Interview — Get Well Soon

Der Liebe wegen

Mit seinem neuen Album „Love“ liefert Konstantin Gropper alias Get Well Soon gleich elf Perspek-tiven auf das Thema Liebe. Mit uns spricht der unaufgeregte Mannheimer über seine größte Angst, seine Liebe zur Natur und die Zusammenarbeit mit Jan Böhmermann.

3. Mai 2016 — MYP No. 20 »Mein System« — Interview: Jonas Meyer, Fotos: Maximilian König

Clip 1. Eine beschauliche Neubausiedlung mit gepflegten Vorgärten. Bei einem der Häuser öffnet sich das Garagentor, ein dunkelgrüner Jaguar fährt ein. Das Tor schließt sich wieder, ein gutaussehender, etwas älterer Herr steigt aus dem Wagen und trägt seine Lebensmitteleinkäufe ins Haus. In der Küche angekommen, bindet er sich eine weiße Schürze um und beginnt, liebevoll und akribisch das Abendessen zuzubereiten. Anschließend deckt er im Esszimmer für zwei Personen ein, legt ein Dinner Jacket an und zieht die Gardinen zu.

Einige Augenblicke später. Der ältere Herr genießt in vollen Zügen das Abendessen. Am anderen Ende des Tisches ist eine junge Frau zu sehen, die etwas apatisch wirkt. Der ältere Herr erhebt sich von seinem Stuhl, setzt sich direkt neben sie und streichelt sanft über ihre langen, leicht zerzausten Haare. Dann greift er zu einer Garnele, führt sie zum Mund der jungen Frau und lässt sie abbeißen.

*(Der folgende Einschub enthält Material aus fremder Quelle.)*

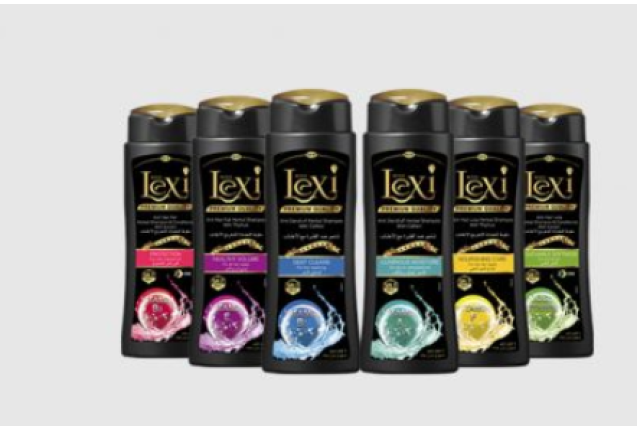 LEXI Shampoo 400 ml x 24
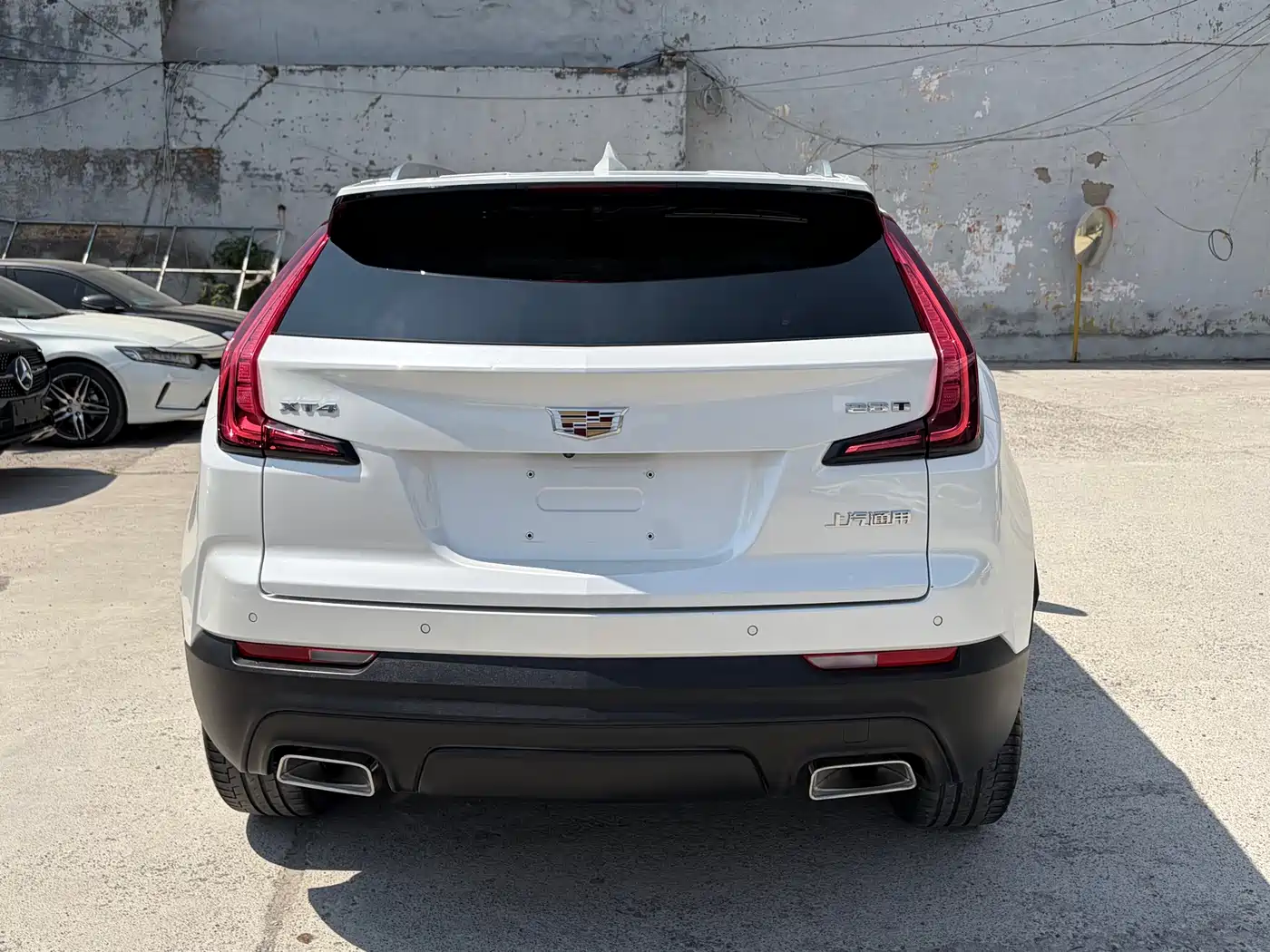 Cadillac XT4 2018 Model 28T 2WD Technology фото 4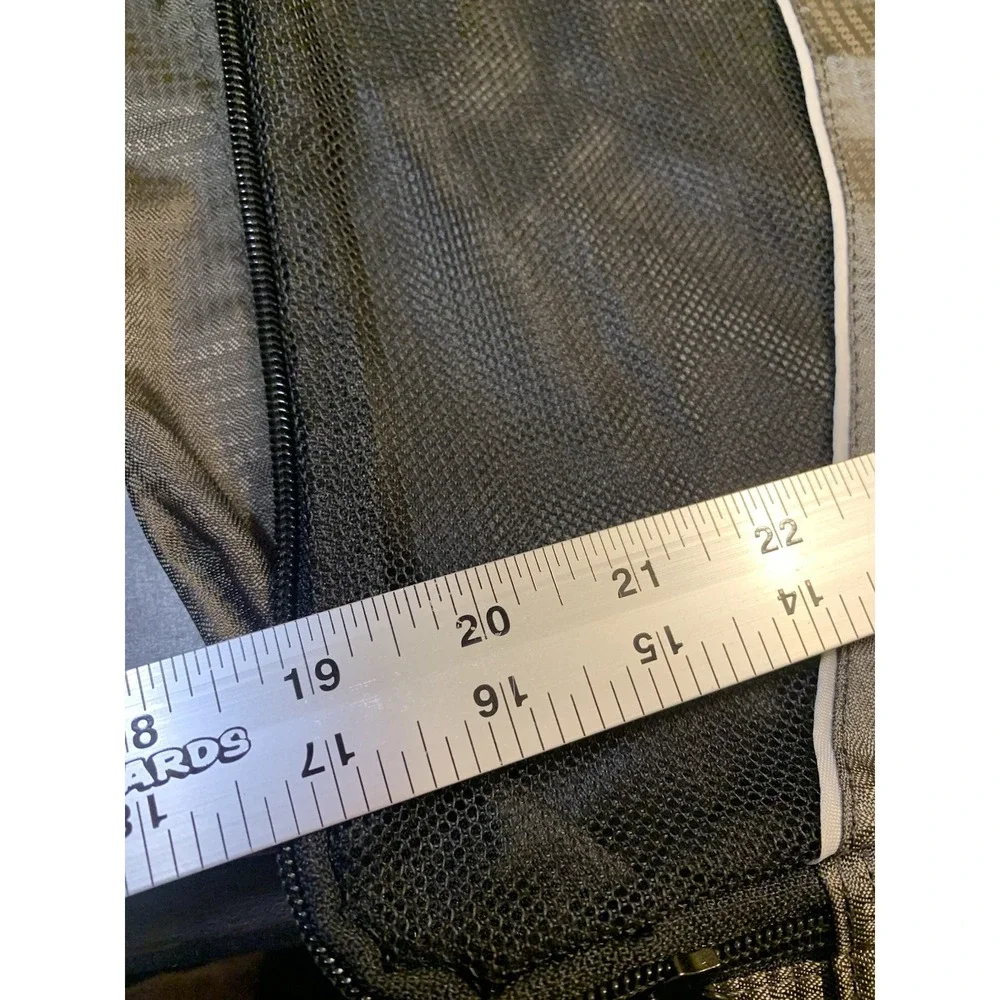 Samsonite compression packing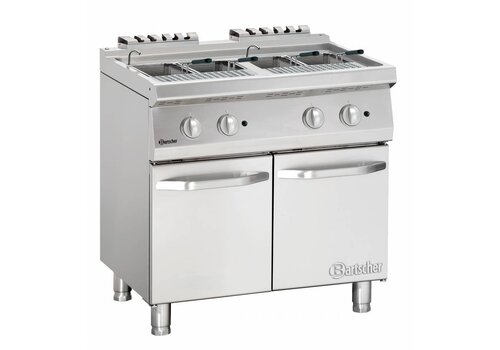  Bartscher Pastakoker Professioneel Aardgas 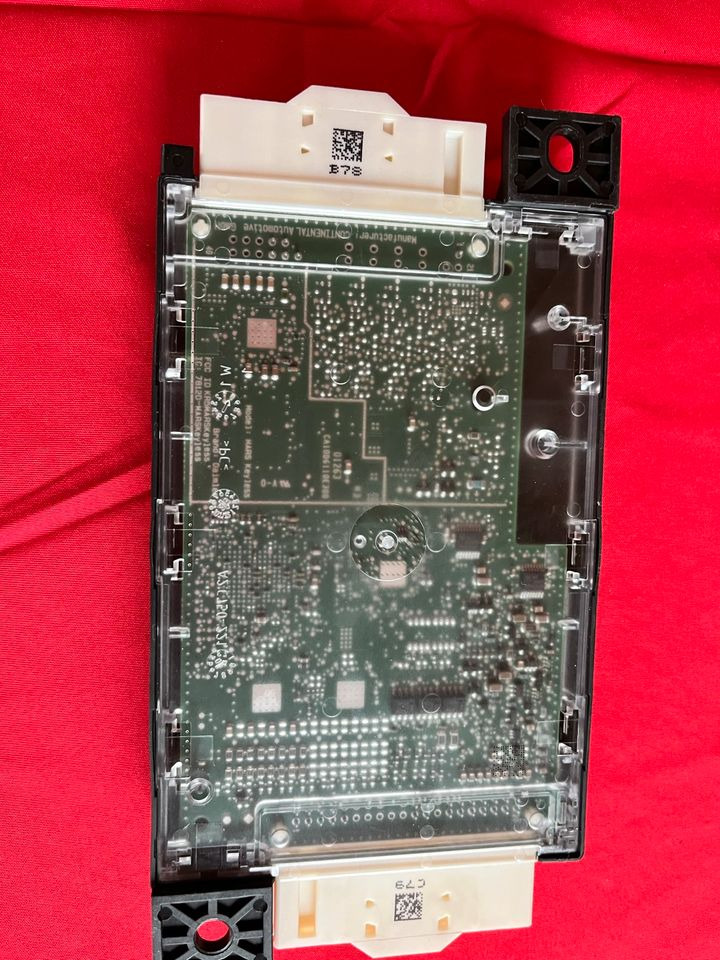 Mercedes Actros A 0014462758 Steuergerät SAM Cabin Control Unit - נתיך עבור משאית: תמונה 2 Mercedes Actros A 0014462758 Steuergerät SAM Cabin Control Unit - נתיך עבור משאית: תמונה 2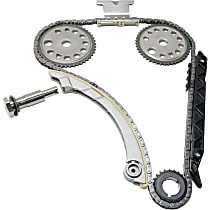 Timing Chain Kit, DOHC, Ecotec Engine, 16 Valve, With Gears, 4 Cyl 2.2L - 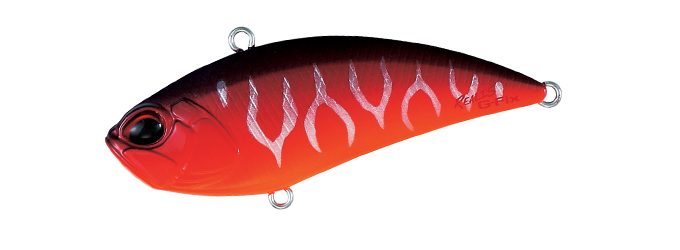 Vobler DUO Realis Vibration 68 G-Fix, CCC3069 Red Tiger, 6.8cm/21g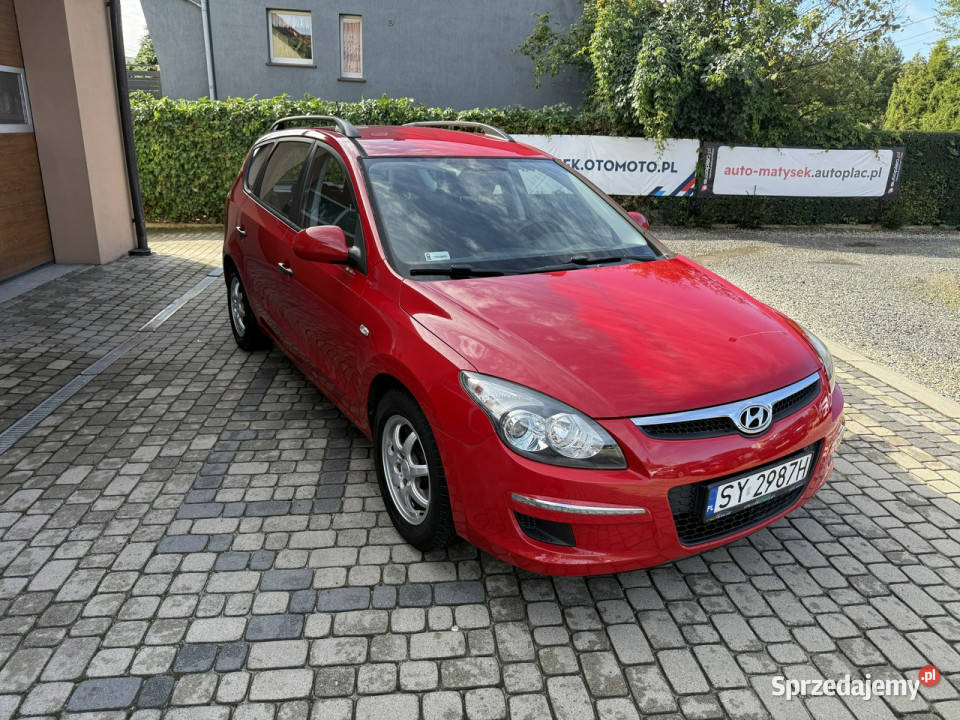 Hyundai i30 14 109 Klimatyzacja I 20022013 Orzech
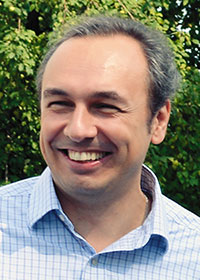 Лев ЛЕВИН, глобальный директор компании Cisco по развитию бизнеса в области цифровизации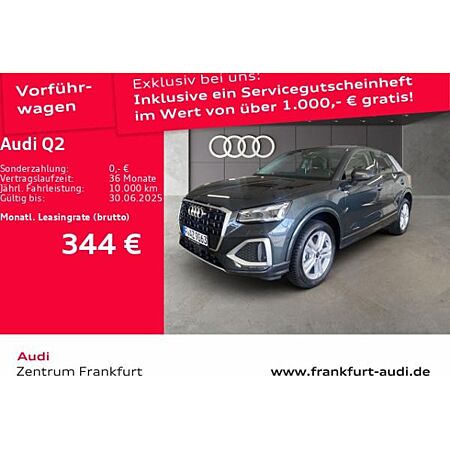 Audi Q2 leasen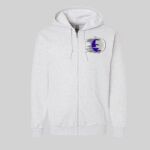 Heavy Blend Full-Zip Hooded Sweatshirt Thumbnail
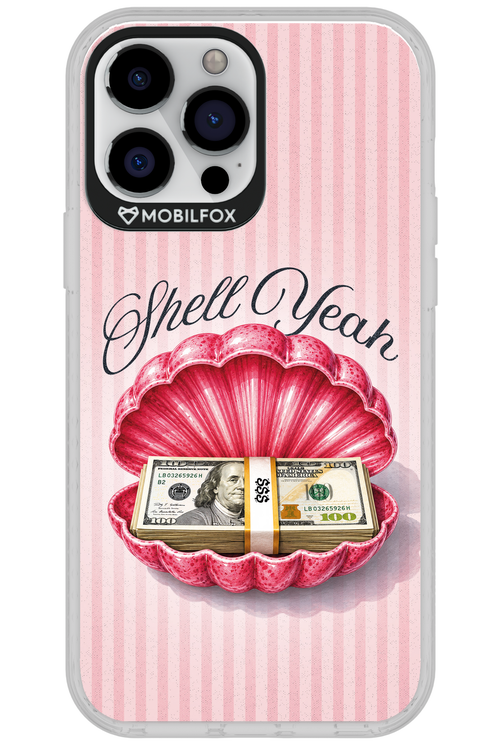 Shell Yeah 2.0 - Apple iPhone 13 Pro Max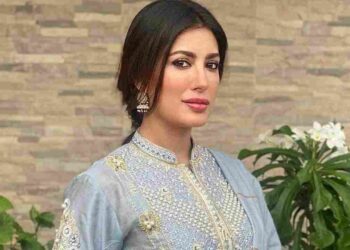Mehwish Hayat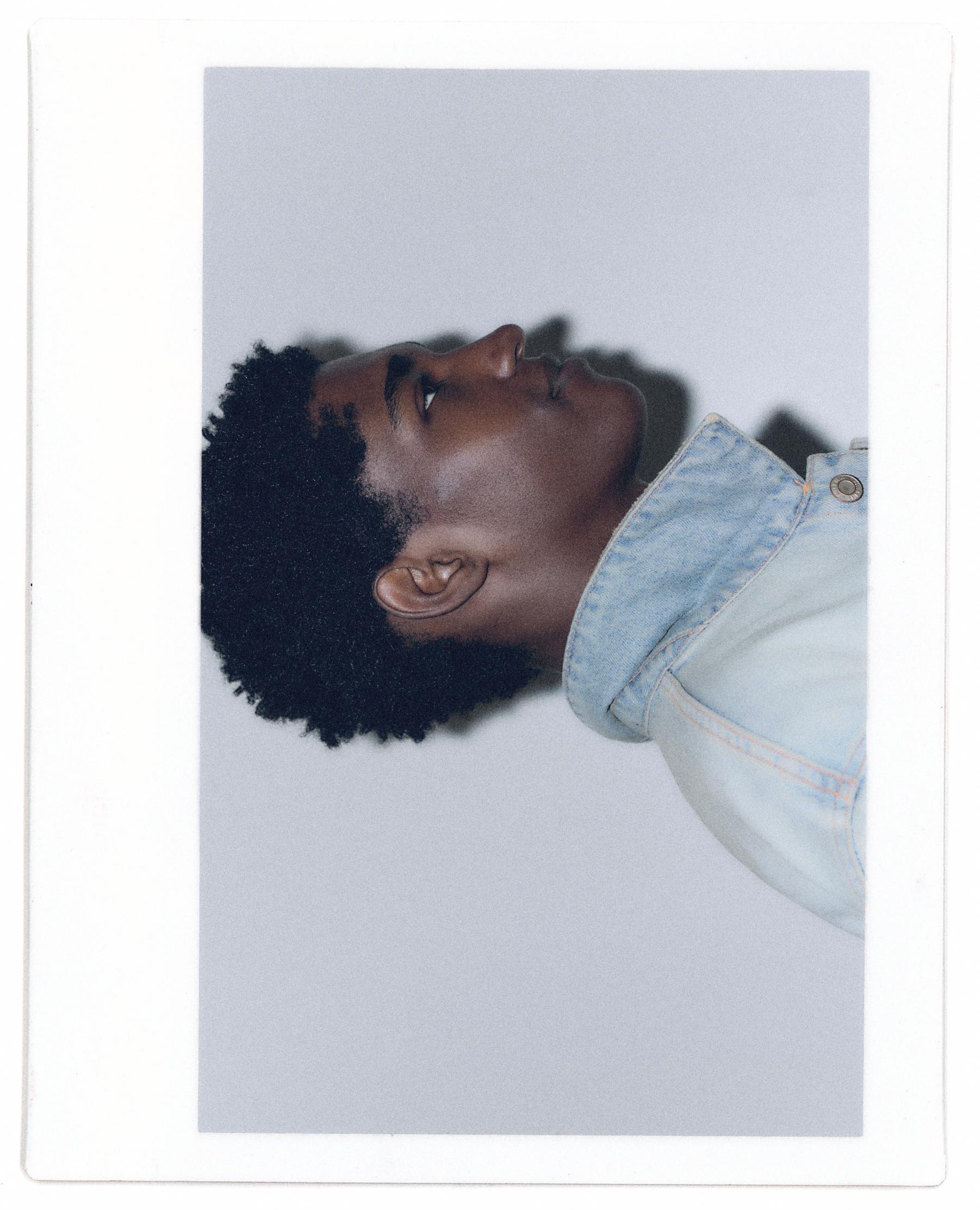 Trucker denim jacket — Pale indigo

Kameraschwenk auf ihre Arme. Diese sind mit schwarzen Kabelbindern an den Stuhllehnen fixiert. Nachdem das Abendessen beendet ist, löst der ältere Herr die Fesseln und führt die junge Frau in den Keller. Dort ist im Boden eine Falltür eingelassen, die er langsam öffnet. „It’s love, love, and I can’t get rid of it… It’s love, love, and I can’t make sense of it.“

Clip 2. Ein Einfamilienhaus irgendwo im Deutschland der 70er Jahre, davor ein Polizeiwagen mit eingeschaltetem Blaulicht. Während zwei Männer einen Leichensack aus der Einfahrt tragen, trifft der ermittelnde Kommissar am Tatort ein. Vorbei an den Beamten betritt er das Haus. Der Flur ist übersät mit Unterlagen, daneben finden sich in einem Koffer unter anderem Flugtickets, Handtücher und eine Packung Mehl. Mit dem Diktiergerät in der Hand nimmt sich der Kommissar Zimmer um Zimmer vor, begutachtet verschiedenste Gegenstände und sucht nach Spuren. Im Abfluss des Swimmingpools hat sich Schmuck verfangen, die Toilette steckt voller Dollarnoten, das Schlafzimmer ist ein einziges Blutbad. Was mag vor wenigen Stunden in dem Haus, in dem scheinbar ein prominentes Musikerpärchen gelebt hat, nur passiert sein? „We’ll on last leave, our love, it’s a specious leave, our love, and be ugly, our love, sincerely yours, my love.“

Clip 1 und Clip 2 sind die filmischen Interpretationen zweier Songs, die Konstantin Gropper alias Get Well Soon gerade auf seinem neuen Album veröffentlicht hat. Die Platte trägt den schlichten Titel „Love“ und setzt sich – man hätte es fast vermutet – mit dem Thema Liebe auseinander. So weit, so gut also. Oder doch nicht?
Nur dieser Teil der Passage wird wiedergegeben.